For years, probiotics were associated with one thing: the gastrointestinal tract (GI) and digestive health. However, various clinical trials have found that the probiotic benefit extends beyond gut health. Research indicates that in addition to a healthy gut, probiotics can benefit immune system modulation, inflammation, metabolic and cardiovascular health, and be beneficial in preventing infection.
Much of the most recent basic and clinical research has shown that probiotics benefit the gut directly through their presence and through their metabolic byproducts. However, the same research has also shown that their ability to improve gut health has a cascade effect in improving the health of more distant organs, tissues, and systems.
The GI tract plays a central role in the immune system. It is the main route of contact with the external environment and is overloaded every day with external stimuli, such as bacteria (“good” and “bad”), protozoa, fungi, viruses, or toxic substances.

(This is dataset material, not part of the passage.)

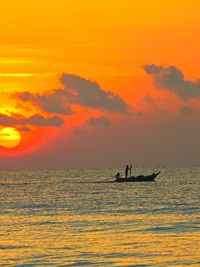 Silhouette man in sea against orange sky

The critical role of the GI is testified by the huge amount of immune cells that reside within it, where 70% of the immune system regularly circulates through the GI system, interacting with things that we ingest and also the microbiata that reside in our gut.
Probiotics play a direct role in gut health by improving the gut wall lining, competitive exclusion of pathogenic bacteria, interacting with the immune system by modulating the action of immune cells and pro-inflammatory proteins, and finally by sequestering potentially toxic bacterial byproducts such as lipopolysaccharides (LPS).

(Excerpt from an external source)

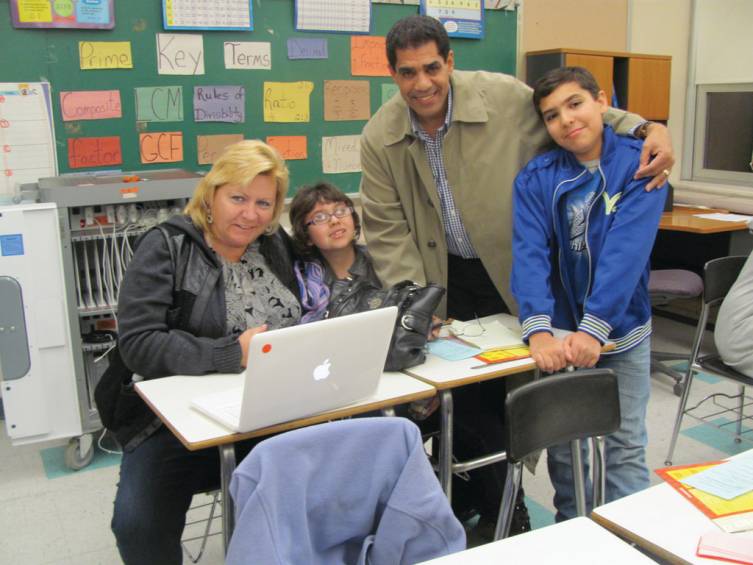 Kerry Westerman (left) joins Julie Rodriguez, Katie Rodriquez and Alexander Rodriguez at one of the five stations featured in Ferri Middle School&rsquo;s Family Math Night.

By improving the overall health of the gut and functionality of the immune system, probiotics seek out and destroy infecting organisms that could otherwise contribute to infections, cell and tissue damage, and inflammation.
By modulating and controlling inflammation, research has also shown that probiotic use can also positively impact conditions such as dermatitis, which is often linked to a strong inflammatory function.
The effect of probiotics on nutrient absorption has also been found to impact metabolic and cardiovascular health. Research has shown that probiotic byproducts, such as short chain fatty acids, are able to exert an effect on the absorption of sugars, fats, and cholesterol, which directly impact fat deposition and liver function.
Many studies have also shown that probiotics produce bioactive peptides that can inhibit enzymes associated with controlling blood pressure, like Angiotensin Converting Enzyme (ACE). This is particularly significant as many pharmaceutical drugs for blood pressure control target ACE as part of their mode of action.
Therefore, because of the central role of the gut, by improving gut health through probiotics, one can initiate a cascade of benefits that results in whole body health.